La gestión de talentos en el fútbol ha encontrado en el Real Madrid un caso de estudio sobre cómo monetizar la cantera de manera eficiente. En la temporada 2025/26, sin que los jugadores formados en su academia pisaran el césped del Santiago Bernabéu, el club ha logrado ingresar 108 millones de euros. Esta cifra ha permitido cubrir el gasto veraniego en fichajes, demostrando una vez más que el Madrid no solo sabe fichar estrellas, sino también crear activos valiosos.

La estrategia de los 'ausentes'

El modelo del Real Madrid se basa en una fórmula que combina la venta de canteranos con la retención de un porcentaje de sus derechos económicos. Los jugadores que no encuentran espacio en el primer equipo son vendidos, pero el club se asegura el 50% de sus derechos, además de incluir cláusulas de recompra en algunos casos. Así, futbolistas como Nico Paz y Víctor Muñoz, aunque no jugaron un solo minuto en la pasada temporada, han sido piezas clave en las finanzas del club.

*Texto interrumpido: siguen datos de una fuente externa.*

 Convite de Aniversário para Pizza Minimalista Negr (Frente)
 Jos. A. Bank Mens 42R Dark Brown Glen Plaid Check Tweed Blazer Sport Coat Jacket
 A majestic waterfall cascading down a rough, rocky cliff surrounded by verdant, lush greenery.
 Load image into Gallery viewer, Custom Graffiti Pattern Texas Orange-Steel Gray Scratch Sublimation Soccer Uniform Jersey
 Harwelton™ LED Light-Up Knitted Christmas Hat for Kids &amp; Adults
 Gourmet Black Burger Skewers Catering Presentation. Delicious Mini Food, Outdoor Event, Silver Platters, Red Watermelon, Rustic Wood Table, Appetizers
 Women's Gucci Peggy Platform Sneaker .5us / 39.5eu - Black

Nico Paz fue vendido al Como por 60 millones de euros, convirtiéndose en el segundo canterano más caro del Madrid tras Morata.

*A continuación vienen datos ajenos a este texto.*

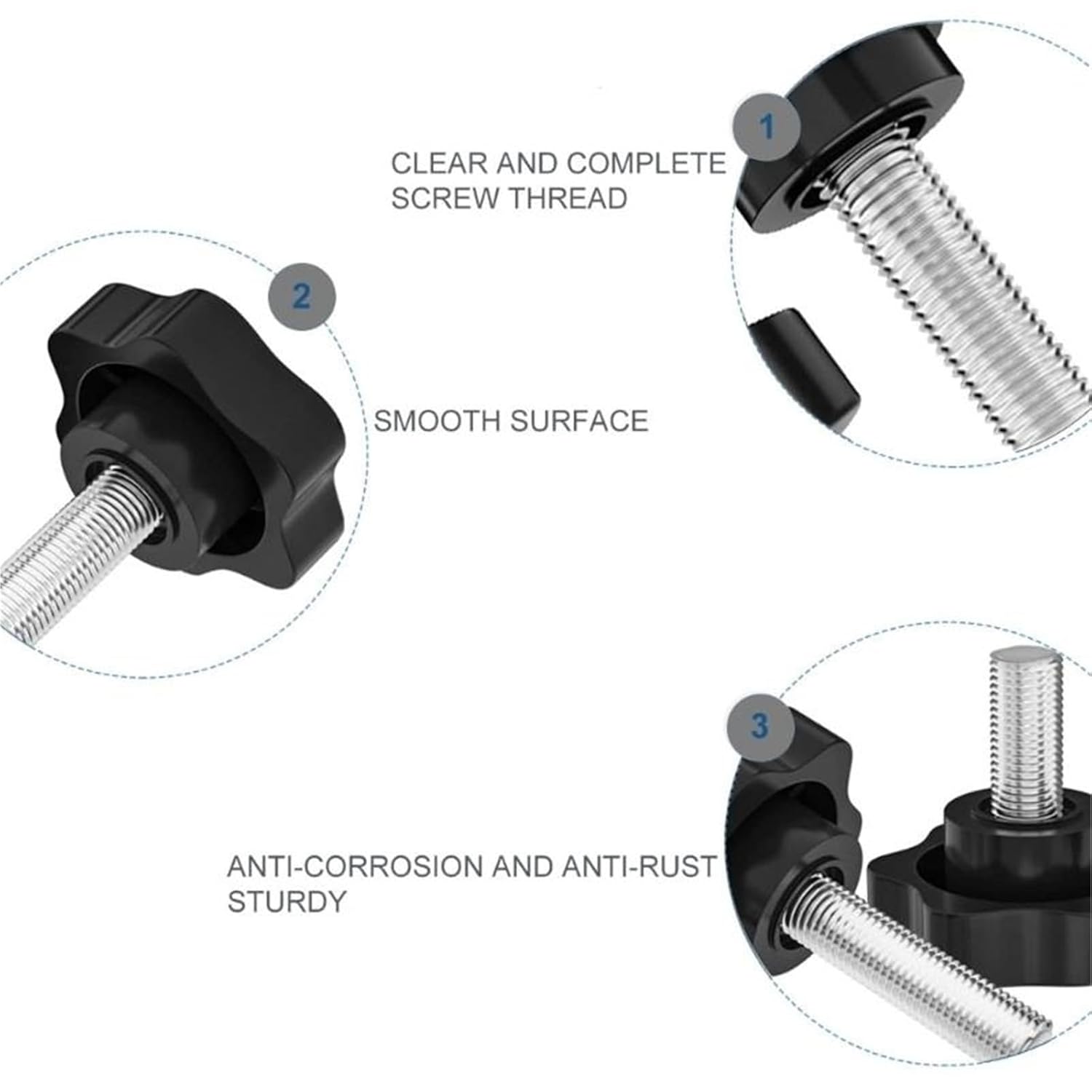 60Pcs Thumb Screw Clamping Handle Bolts with Plastic Knobs Thread Knurled Grip(32xM6)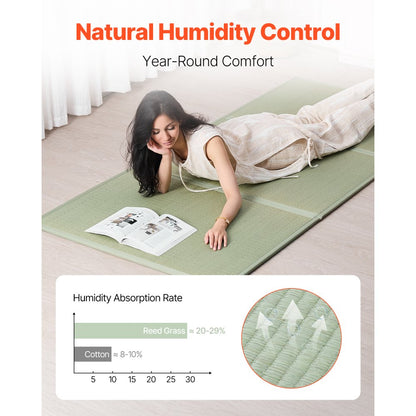 LCSS990*2032 - 39'' x 80'' Natural Rush Grass Tatami Mat, Non-Slip Design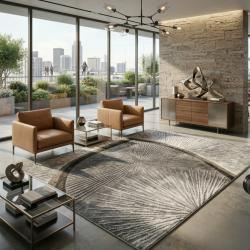 Модерен килим за хол 120х160см - Графитено сив със златисти пръски и 3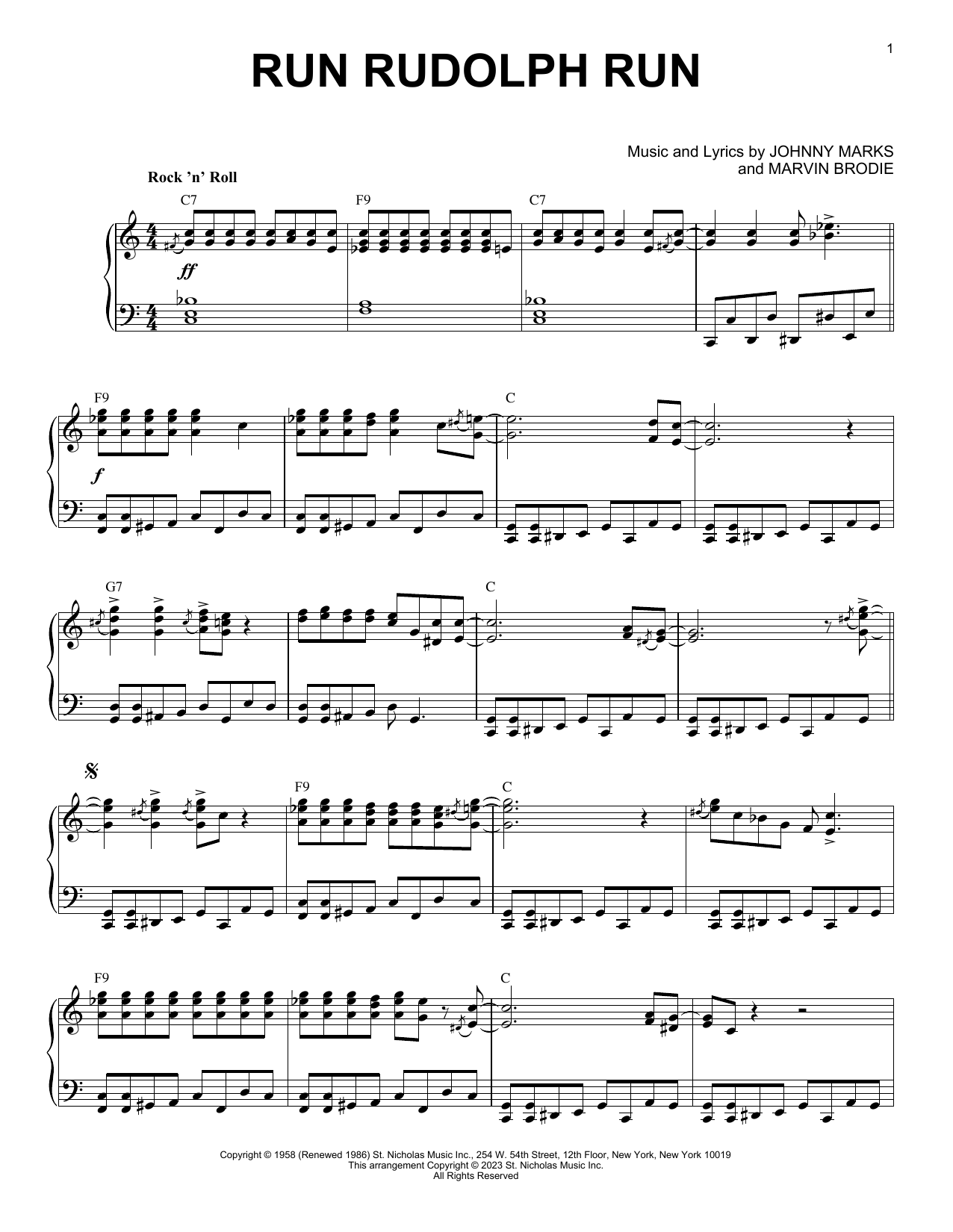 Product picture to: Run Rudolph Run [Boogie Woogie version] (arr. Brent Edstrom)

Este enfoque ha permitido al Madrid hacer caja con jugadores que se desarrollan y triunfan en otros equipos, como es el caso de Paz, cuyo traspaso al Como dejó 60 millones en las arcas blancas, o Víctor Muñoz, vendido al Liverpool por 40 millones, de los cuales la mitad fue para el club español. Otros ejemplos incluyen a Mario Gila, vendido al Milán, y Álvaro Rodríguez al Bournemouth, ambos generando ingresos adicionales para el club.

Implicaciones y perspectiva futura

Esta estrategia de gestión de cantera no solo alivia las finanzas del club, sino que también redefine cómo se valora el talento juvenil. En un contexto donde los grandes clubes europeos deben equilibrar la inversión en fichajes con el cumplimiento del fair play financiero, el modelo del Madrid ofrece un camino viable para maximizar los ingresos sin comprometer la calidad del primer equipo.

La cantera se convierte así en un activo estratégico, no solo para nutrir al equipo principal, sino como una fuente de ingresos constante. Este modelo podría ser replicado por otros clubes con academias fuertes, aunque no todos cuentan con la infraestructura y el atractivo global del Madrid para implementarlo con el mismo éxito.

A largo plazo, esta estrategia podría influir en el mercado de fichajes, aumentando el valor de los jugadores jóvenes y redefiniendo el concepto de éxito en las academias de fútbol. El Real Madrid ha demostrado que, en un mundo donde la presencia en el campo es clave, la ausencia también puede ser altamente rentable.